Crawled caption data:
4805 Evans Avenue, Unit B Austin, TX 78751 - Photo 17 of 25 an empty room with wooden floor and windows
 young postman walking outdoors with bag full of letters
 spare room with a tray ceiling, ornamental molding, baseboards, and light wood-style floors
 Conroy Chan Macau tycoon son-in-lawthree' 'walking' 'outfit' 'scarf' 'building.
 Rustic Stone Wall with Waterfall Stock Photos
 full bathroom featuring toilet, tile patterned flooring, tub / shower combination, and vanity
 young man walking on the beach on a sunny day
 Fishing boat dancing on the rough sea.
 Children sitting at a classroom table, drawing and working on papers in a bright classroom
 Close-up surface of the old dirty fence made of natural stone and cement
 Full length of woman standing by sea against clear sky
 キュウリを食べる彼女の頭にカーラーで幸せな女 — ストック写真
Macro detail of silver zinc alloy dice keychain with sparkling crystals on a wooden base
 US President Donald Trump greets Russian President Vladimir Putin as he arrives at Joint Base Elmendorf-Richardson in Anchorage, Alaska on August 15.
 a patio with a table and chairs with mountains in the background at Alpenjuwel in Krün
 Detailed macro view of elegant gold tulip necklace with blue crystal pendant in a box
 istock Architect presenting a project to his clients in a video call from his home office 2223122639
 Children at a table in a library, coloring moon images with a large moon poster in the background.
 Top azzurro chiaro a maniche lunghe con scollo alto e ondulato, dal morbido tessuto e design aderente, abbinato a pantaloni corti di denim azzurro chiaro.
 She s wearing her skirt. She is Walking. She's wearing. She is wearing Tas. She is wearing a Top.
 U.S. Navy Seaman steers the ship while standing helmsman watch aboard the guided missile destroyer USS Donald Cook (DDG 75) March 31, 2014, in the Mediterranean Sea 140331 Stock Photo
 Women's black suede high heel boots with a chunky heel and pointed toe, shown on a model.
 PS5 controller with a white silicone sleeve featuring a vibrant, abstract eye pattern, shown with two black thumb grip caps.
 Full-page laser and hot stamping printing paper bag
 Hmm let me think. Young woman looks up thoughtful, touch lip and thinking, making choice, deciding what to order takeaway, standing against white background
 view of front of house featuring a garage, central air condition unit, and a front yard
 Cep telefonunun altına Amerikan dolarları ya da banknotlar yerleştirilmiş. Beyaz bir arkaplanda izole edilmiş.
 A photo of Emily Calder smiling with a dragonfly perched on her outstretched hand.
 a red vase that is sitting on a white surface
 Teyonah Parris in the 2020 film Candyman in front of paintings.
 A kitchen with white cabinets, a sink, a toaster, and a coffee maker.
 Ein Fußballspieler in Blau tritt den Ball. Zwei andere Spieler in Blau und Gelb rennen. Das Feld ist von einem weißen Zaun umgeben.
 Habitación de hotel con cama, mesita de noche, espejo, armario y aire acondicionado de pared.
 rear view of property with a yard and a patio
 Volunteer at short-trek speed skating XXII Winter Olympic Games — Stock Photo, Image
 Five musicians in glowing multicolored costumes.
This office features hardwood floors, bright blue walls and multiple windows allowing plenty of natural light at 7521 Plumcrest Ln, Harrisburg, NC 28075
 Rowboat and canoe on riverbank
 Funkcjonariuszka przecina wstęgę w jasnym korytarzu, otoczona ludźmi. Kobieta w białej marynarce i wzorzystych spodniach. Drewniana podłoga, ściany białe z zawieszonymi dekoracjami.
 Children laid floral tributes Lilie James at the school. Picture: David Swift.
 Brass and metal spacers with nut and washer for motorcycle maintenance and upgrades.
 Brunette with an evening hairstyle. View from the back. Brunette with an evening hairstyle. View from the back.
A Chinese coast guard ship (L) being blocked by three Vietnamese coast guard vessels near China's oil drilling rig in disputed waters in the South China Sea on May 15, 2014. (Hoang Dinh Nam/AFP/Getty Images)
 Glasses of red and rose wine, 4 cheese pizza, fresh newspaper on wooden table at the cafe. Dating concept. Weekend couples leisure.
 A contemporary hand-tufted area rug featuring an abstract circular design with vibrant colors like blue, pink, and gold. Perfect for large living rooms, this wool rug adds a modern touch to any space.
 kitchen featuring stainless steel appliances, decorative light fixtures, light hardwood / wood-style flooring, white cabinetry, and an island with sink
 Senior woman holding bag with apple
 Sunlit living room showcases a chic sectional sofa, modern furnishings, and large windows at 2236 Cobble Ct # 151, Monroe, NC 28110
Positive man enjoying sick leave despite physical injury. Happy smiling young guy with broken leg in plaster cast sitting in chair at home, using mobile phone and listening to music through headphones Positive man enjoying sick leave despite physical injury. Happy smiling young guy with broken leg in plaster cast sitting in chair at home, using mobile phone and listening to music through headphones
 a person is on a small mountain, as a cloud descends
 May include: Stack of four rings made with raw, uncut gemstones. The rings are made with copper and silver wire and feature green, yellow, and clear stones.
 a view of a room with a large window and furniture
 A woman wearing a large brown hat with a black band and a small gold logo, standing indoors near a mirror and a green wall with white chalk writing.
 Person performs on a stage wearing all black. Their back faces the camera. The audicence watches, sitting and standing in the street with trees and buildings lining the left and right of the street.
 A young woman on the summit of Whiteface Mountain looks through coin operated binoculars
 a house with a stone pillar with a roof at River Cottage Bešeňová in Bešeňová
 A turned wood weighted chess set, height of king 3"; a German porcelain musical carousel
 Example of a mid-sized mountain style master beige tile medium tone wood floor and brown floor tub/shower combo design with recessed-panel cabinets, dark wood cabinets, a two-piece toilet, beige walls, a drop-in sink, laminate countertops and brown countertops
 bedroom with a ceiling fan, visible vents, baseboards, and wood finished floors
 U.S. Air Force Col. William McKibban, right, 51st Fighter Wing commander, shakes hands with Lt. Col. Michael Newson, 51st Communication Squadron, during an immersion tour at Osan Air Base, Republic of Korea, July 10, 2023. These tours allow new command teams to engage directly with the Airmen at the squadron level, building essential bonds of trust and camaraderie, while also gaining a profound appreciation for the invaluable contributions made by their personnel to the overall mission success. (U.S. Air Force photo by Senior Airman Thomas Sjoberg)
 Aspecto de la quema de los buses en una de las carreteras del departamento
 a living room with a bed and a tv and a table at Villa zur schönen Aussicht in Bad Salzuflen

GOAL OF THE EXERCISE >> Give back, exactly as written, the stretch from the line with "Close-up surface of" through the line with "Children at a", and no other lines from the records above.

ANSWER SECTION >>
 Close-up surface of the old dirty fence made of natural stone and cement
 Full length of woman standing by sea against clear sky
 キュウリを食べる彼女の頭にカーラーで幸せな女 — ストック写真
Macro detail of silver zinc alloy dice keychain with sparkling crystals on a wooden base
 US President Donald Trump greets Russian President Vladimir Putin as he arrives at Joint Base Elmendorf-Richardson in Anchorage, Alaska on August 15.
 a patio with a table and chairs with mountains in the background at Alpenjuwel in Krün
 Detailed macro view of elegant gold tulip necklace with blue crystal pendant in a box
 istock Architect presenting a project to his clients in a video call from his home office 2223122639
 Children at a table in a library, coloring moon images with a large moon poster in the background.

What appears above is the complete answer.